The years 2021 and 2022 would go down in history as the wholesale loss of trust ordinary citizens have in the party-state system. The originally fragile social contract between the rulers and their charges is being sundered. The handling of the pandemic has hurt all sectors of the population . . . Those who have spent their lives’ savings . . . for unfinished apartments were told . . . their buildings would not be finished for lack of funds. Customers in official banks cannot take out their money. Almost all rules and regulations have broken down.
Lam argues that one-man rule and party-state dominance have left Beijing with few measures to contend with the country’s mounting socio-economic challenges. He also makes it clear Xi “would never borrow values or governance systems from capitalist laissez-faire countries.” So instead, Lam writes, Xi has abandoned liberalization and doubled down on “reinstating the norms and standards of the Mao Zedong years” to ensure the stability of the socialist state and the primacy of the party. The overriding objective of preserving the party-state is coupled with renewed exhortations to douzheng, or to struggle against enemies both at home and abroad.
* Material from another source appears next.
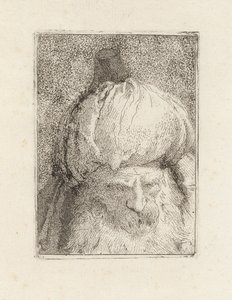 Turek zepředu, ze sbírky Raccolta di Teste (Sbírka hlav) od Giovanni Domenico Tiepolo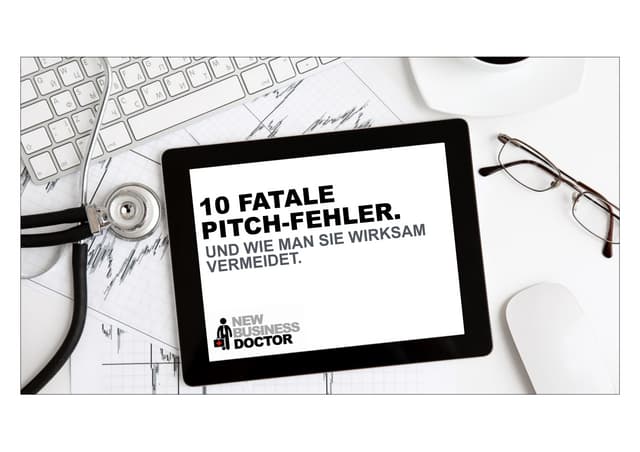Die 10 fatalsten Pitch-Fehler.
This amounts to a “scorched earth policy” implemented “to bolster the surveillance state and the strength of an unchallengeable leader” that will likely “wreak havoc on whatever ideas and trusts people still have in the system.” Xi’s unceasing efforts to bolster the party-state, Lam explains, are ineluctably yoked to one man’s control of the economy, politics, society, and especially “the minds of all Chinese.” In the end, Xi Jinping: The Hidden Agendas of China’s Ruler for Life is a well-written and thoughtfully reasoned chronicle of this one-man rule in China and the story of a modern China “that seems to be pivoting itself to the wrong side of history.”